What the task asks:
From the data underneath, reproduce exactly the stretch that begins at the line with "Mexen Bruno granite" and ends after the line with "Fine-point blue ink".

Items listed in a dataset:
━━━━━━━━━━━━━━━━━━━━

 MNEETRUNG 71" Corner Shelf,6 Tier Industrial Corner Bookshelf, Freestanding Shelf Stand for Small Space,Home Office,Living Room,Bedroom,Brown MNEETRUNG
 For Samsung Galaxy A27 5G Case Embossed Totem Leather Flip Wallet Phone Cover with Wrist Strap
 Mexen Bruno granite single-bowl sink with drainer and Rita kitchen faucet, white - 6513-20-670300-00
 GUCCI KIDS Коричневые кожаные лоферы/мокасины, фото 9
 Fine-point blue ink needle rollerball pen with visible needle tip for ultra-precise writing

━━━━━━━━━━━━━━━━━━━━

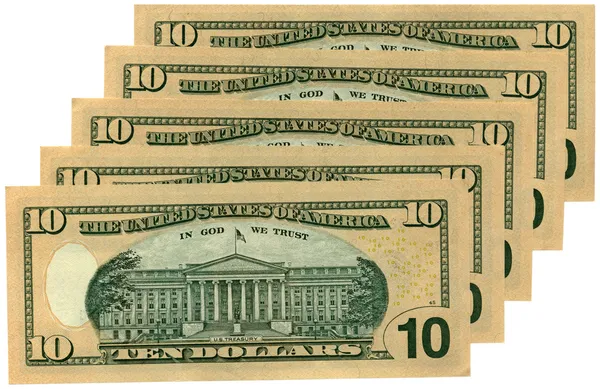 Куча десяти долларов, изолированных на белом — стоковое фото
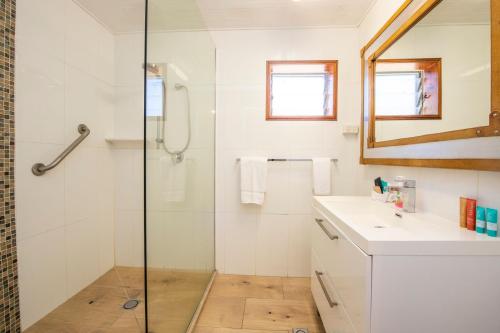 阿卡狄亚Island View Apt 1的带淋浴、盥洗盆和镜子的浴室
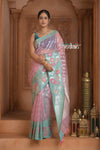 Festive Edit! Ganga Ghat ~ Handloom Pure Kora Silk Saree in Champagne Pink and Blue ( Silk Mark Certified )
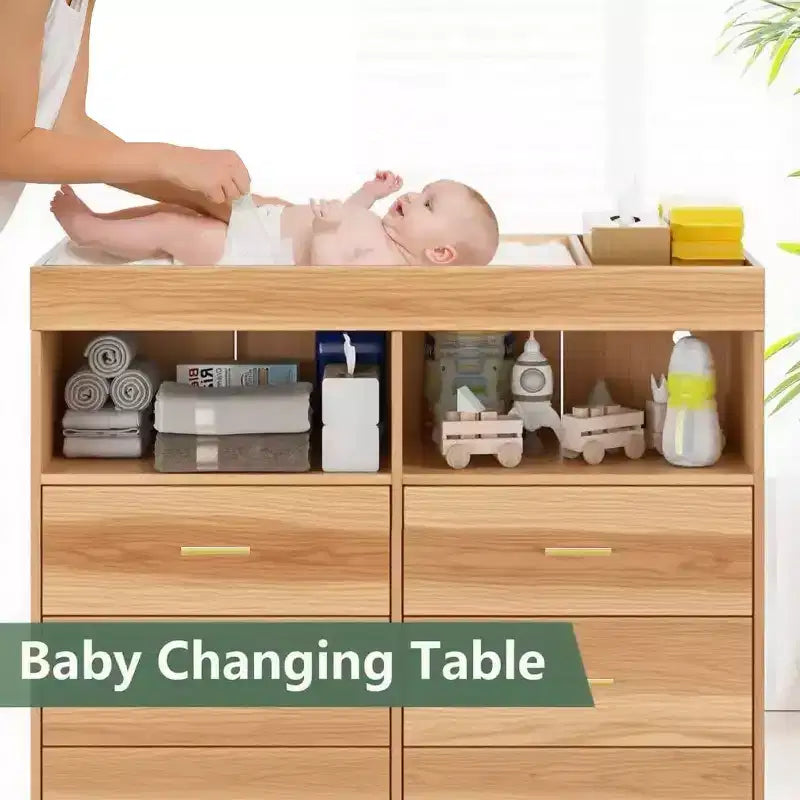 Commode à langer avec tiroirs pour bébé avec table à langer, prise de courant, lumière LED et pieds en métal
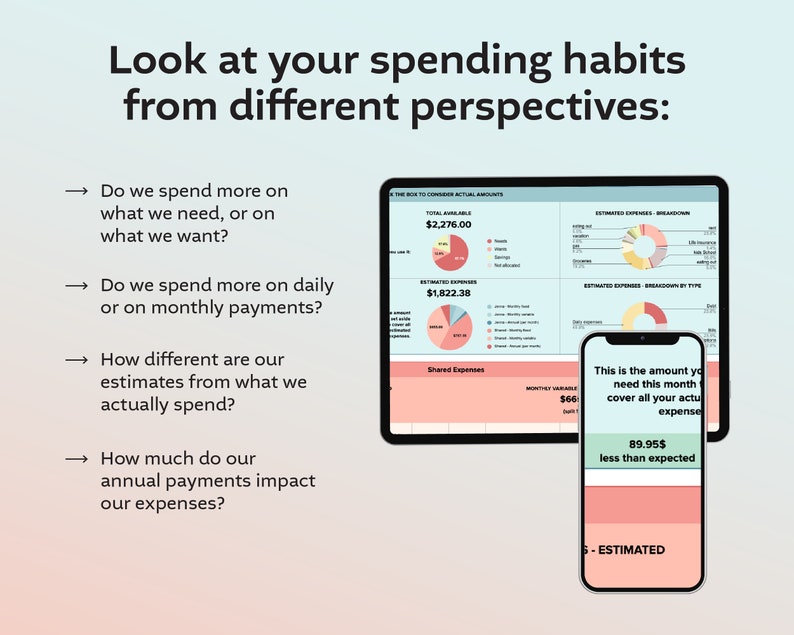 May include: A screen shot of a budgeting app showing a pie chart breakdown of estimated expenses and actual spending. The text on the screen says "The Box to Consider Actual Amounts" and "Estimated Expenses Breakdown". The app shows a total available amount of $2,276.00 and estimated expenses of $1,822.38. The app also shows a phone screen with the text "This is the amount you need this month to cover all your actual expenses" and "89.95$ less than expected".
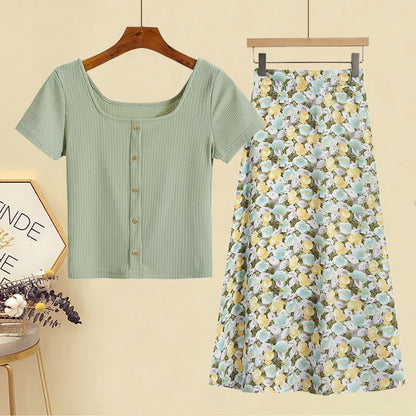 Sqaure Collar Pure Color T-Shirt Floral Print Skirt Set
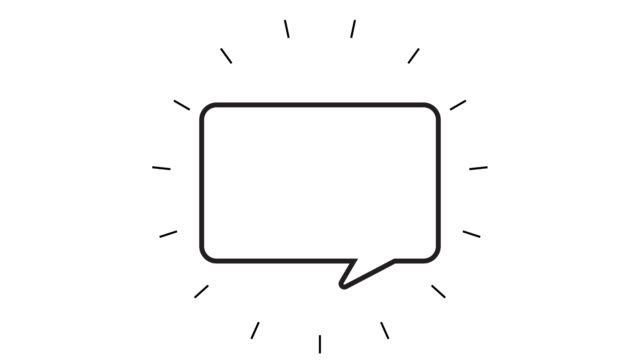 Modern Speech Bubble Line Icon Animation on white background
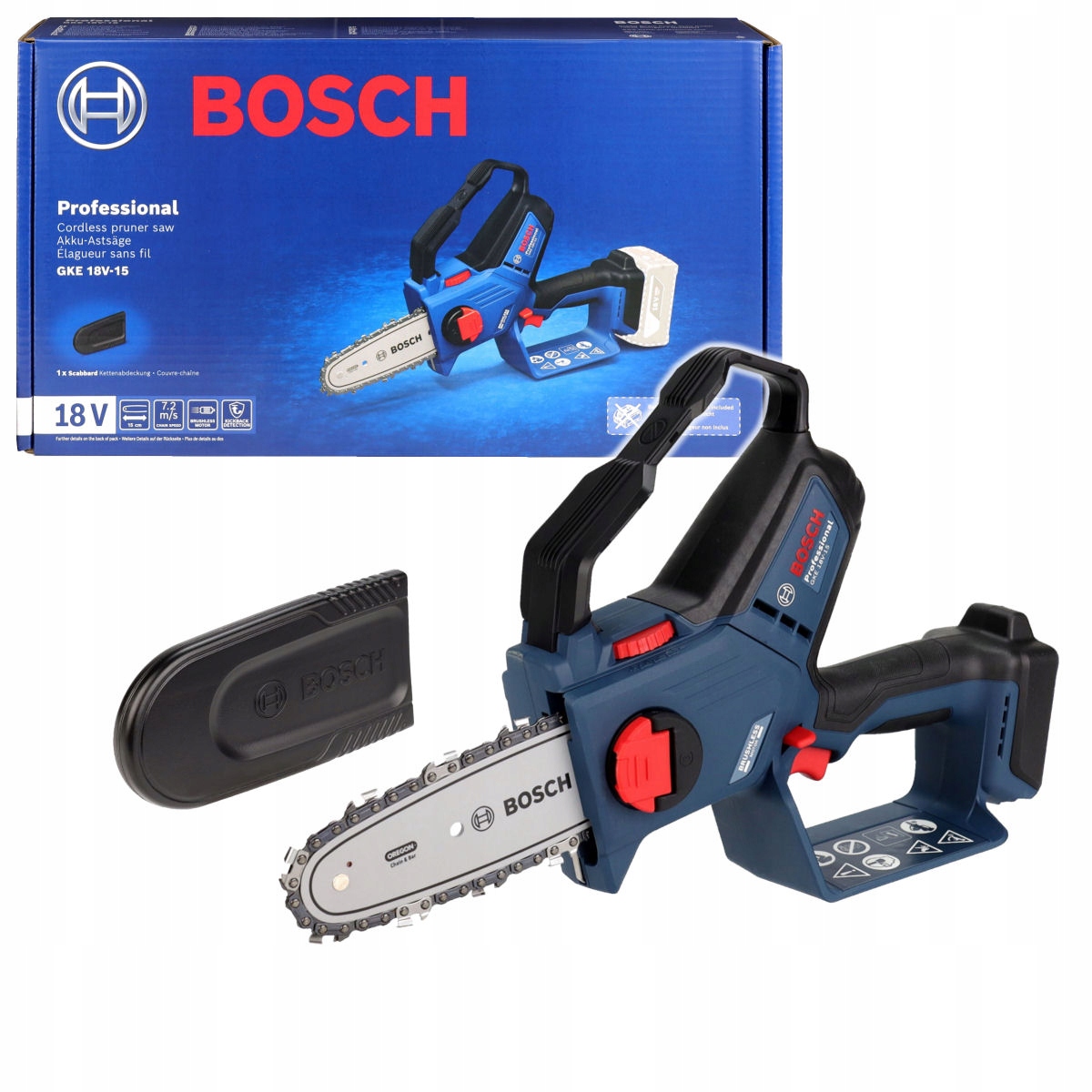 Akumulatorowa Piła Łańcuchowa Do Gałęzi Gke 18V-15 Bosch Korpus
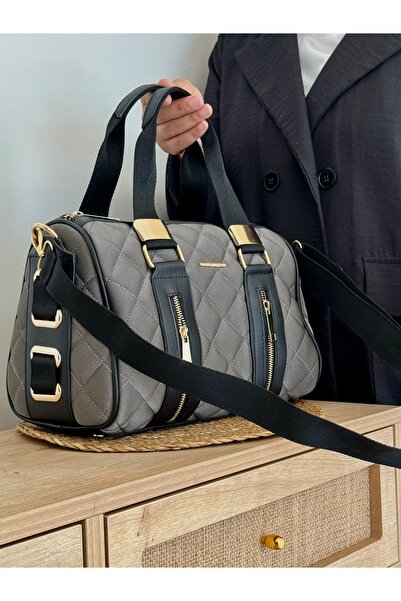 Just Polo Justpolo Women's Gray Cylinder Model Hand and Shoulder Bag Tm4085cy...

━━━━━━━━━━━━━━━━━━━━

Task result:
 Mexen Bruno granite single-bowl sink with drainer and Rita kitchen faucet, white - 6513-20-670300-00
 GUCCI KIDS Коричневые кожаные лоферы/мокасины, фото 9
 Fine-point blue ink needle rollerball pen with visible needle tip for ultra-precise writing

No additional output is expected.